What made it worse was that one particular family who came to see the house obviously didn’t like animals. They arrived early and I had not had a chance to leave the house. I always take Cindy for a walk while the house is being viewed. Of course, she rushed up to their car to say hello and I think that put them off. Apparently one of them had asthma or allergies. I probably should not have warned the agent that Polly was hiding somewhere in the house and he should not leave the front or back door open. As Polly is an indoor cat and doesn’t like strangers I worry about her escaping if someone startles her. As long as she can hide under a bed she’s fine.
They hated the house complaining about the smell and even that one of them could not breathe. The agent said they were fussy people and had not liked anything he showed them but I still felt bad.
Smells are a big deal in real estate. I’m sure you’ve read those articles about having the scent of baking or coffee brewing in the house when there is a viewing. I don’t do that. It seems a bit contrived and actually, not everyone likes those smells. Naomi hates the smell of coffee for example. I try not to use any scents that are too strong or too sickly sweet because not everyone likes those either. Usually, I just open all the windows that actually open for a few hours, unless the weather is really bad and if I do use any kind of scent it will be something that is not too overpowering, citrus is a favourite.
This Saturday I have people coming to look at the house again so Friday will be a day of preparing the house and making it look and smell as nice as possible. Wish me luck!
(the last two are courtesy of Teresa of The Haunted Wordsmith)
Is it wrong to sell store-bought pastries at a bake sale?
It’s probably not in the spirit of the thing but these days there are more working parents and surely it’s better to bring something you bought than not participate at all. I think mine may be the last generation who volunteers to make home-baked goodies for stalls.
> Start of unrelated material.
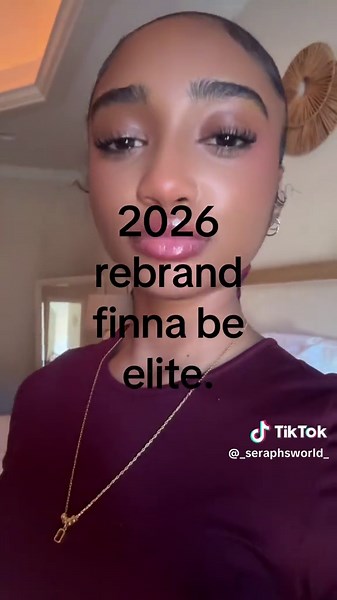 seraph (@_seraphsworld_)’s video of jaguar rebrand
However, bringing store-bought and passing it off as your own is not on as far as I’m concerned.
Have you ever interacted with the police?
If by interacted you mean been arrested no I have not. I have interacted with the police over other matters eg.
Minor road accidents
Police making enquiries about neighbourhood events
Being given a ride home by a policeman after my sister and I missed the last bus home from a concert when we were teenagers.
What will you remember most about this past year (this question will show up again, in late December, just FYI)
The bushfires last summer, and if you ask me again in December my answer is likely to be the same unless something really out of the ordinary happens. I will never forget those weeks.
Is it better to have fungus on your toes, your tongue, or your pizza?
Pizza, mushrooms are a fungus, right?
What is one slang word that makes your skin crawl?
There is nothing like a question of this type to empty my head of any ideas at all. There are words that I really dislike not so much because they are bad words but because they are also ugly words. Like the one that starts with C and ends with T.
On the subject of slang I looked up a list of millennial slang words and I doubt that I could even communicate with a millennial. It’s like they speak a different language.